Usage: prompt_token_count: 733754
candidates_token_count: 423
total_token_count: 734177
cached_content_token_count: 733714



The video describes the following topics:

* **Machine Learning I Course Introduction**  [0:17]
This is an introductory machine learning course with around 10 lectures, covering a broad range of machine learning topics with a focus on the mathematics behind them. The presenter states that this course will prepare the students to take other, more advanced, machine learning courses. 
* **Mathematics for Machine Learning** [2:30]
The course uses mathematical concepts, such as derivatives, to explain machine learning methods. Some students may be unfamiliar with the mathematics needed, but they can use a free online book "Mathematics for Machine Learning," by Marc Peter Deisenroth, A. Aldo Faisal, and Cheng Soon Ong, to supplement the course.
* **Machine Learning vs. Statistics** [6:26]
Both machine learning and statistics aim to discover patterns in data by building predictive models. However, the fields differ slightly in terms of their emphasis. Statistics focuses on understanding the world through data, using simpler models that are easier to interpret and develop theoretical analyses. In contrast, machine learning focuses on making accurate predictions, often using complex models and large datasets, and giving up on the interpretability of the statistical models.  

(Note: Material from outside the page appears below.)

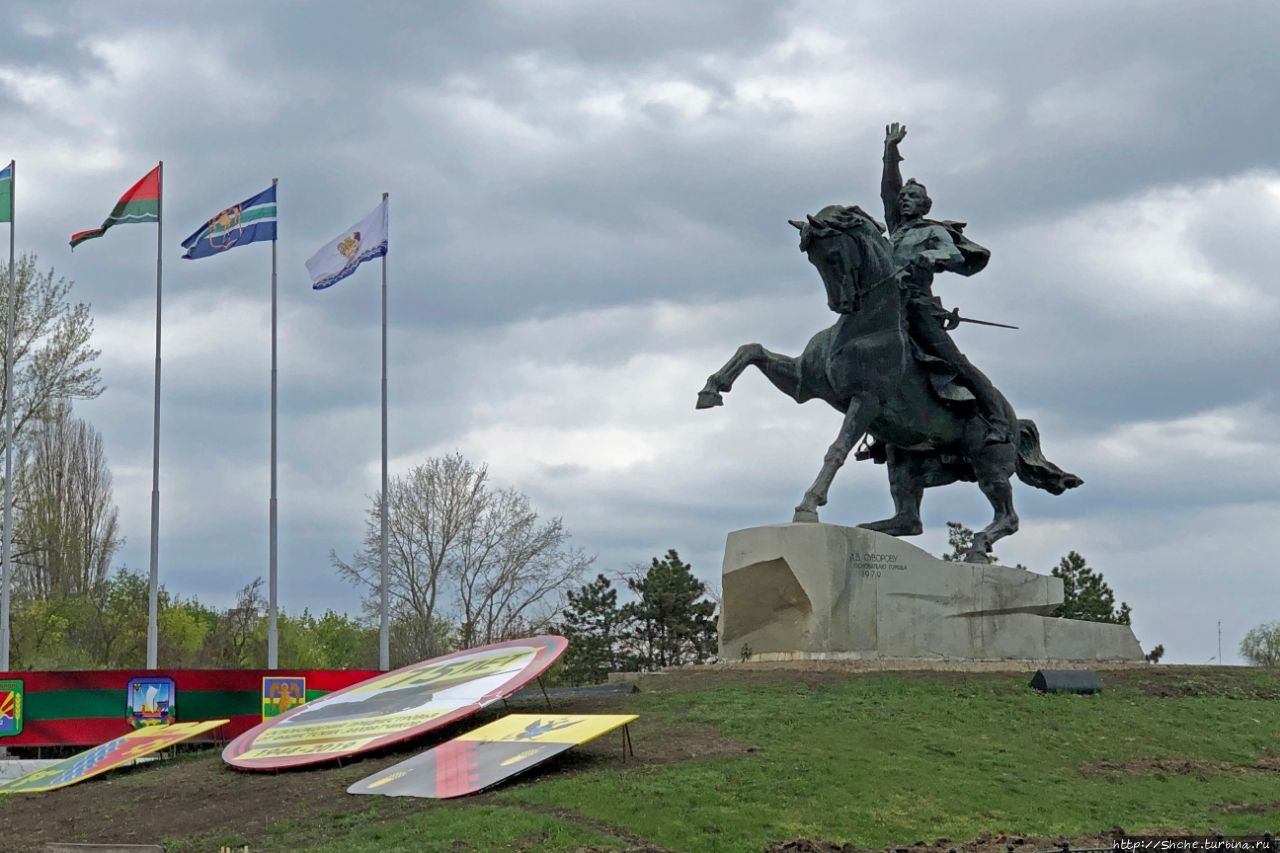 Памятник Суворову Тирасполь, Приднестровская Молдавская Республика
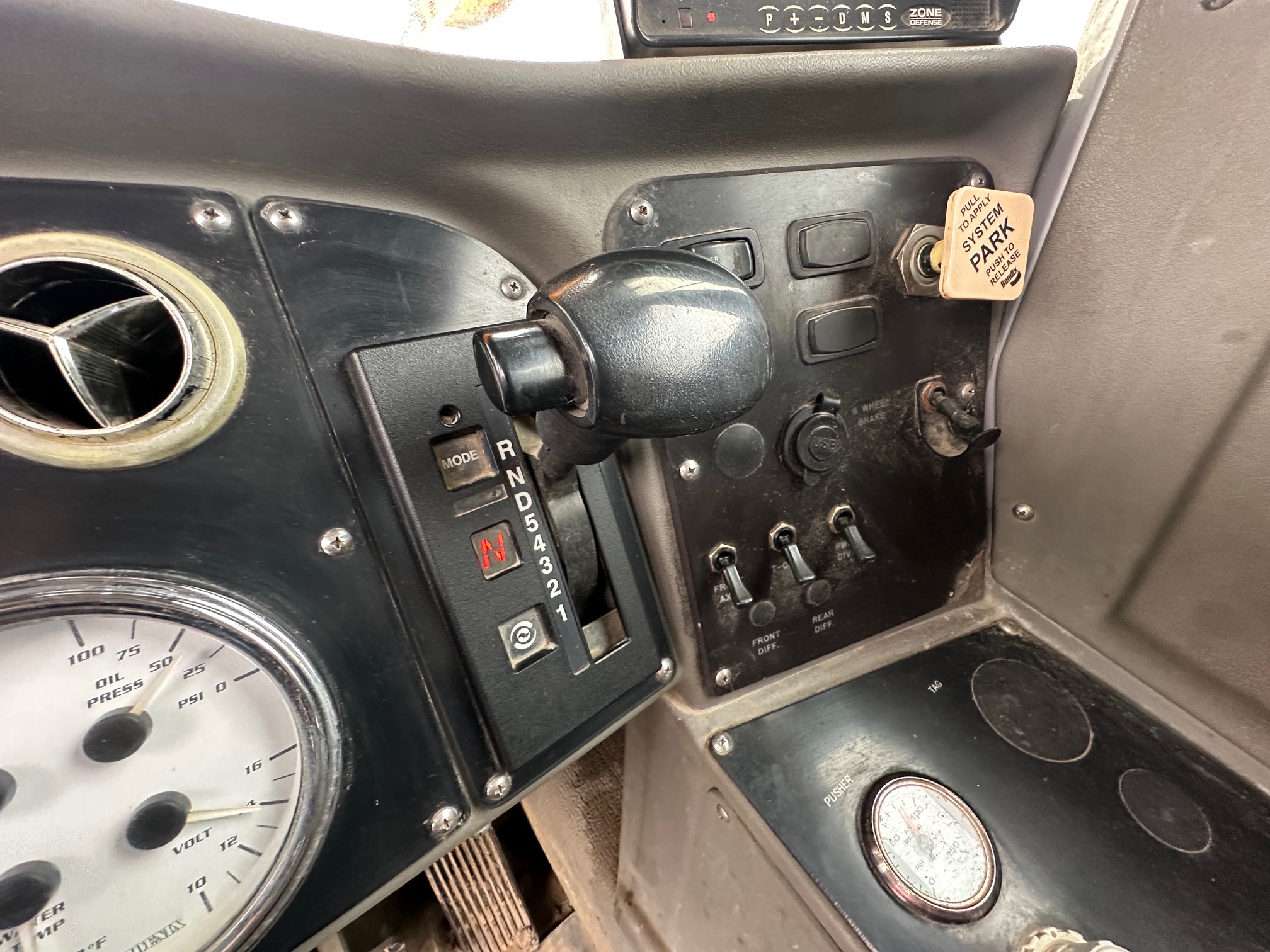 2016 PHOENIX Front Discharge Mixer - Image 14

* **Types of Machine Learning Problems** [11:51]
The presenter describes 3 main types of machine learning problems:
    * **Supervised learning:** Input data includes labels and the algorithm learns to distinguish one class from another.  
    * **Unsupervised learning:** Input data is not labeled and the algorithm learns to cluster input data by the object/category they belong to.
    * **Reinforcement learning:** The algorithm learns by taking actions in a given environment and receiving rewards for completing a given task. 
* **Linear Regression** [15:00]
Linear regression is a classical statistical method that predicts a continuous variable from a single predictor. The model fits a linear function to a set of data, predicting the target (dependent) variable from the single predictor (independent) variable.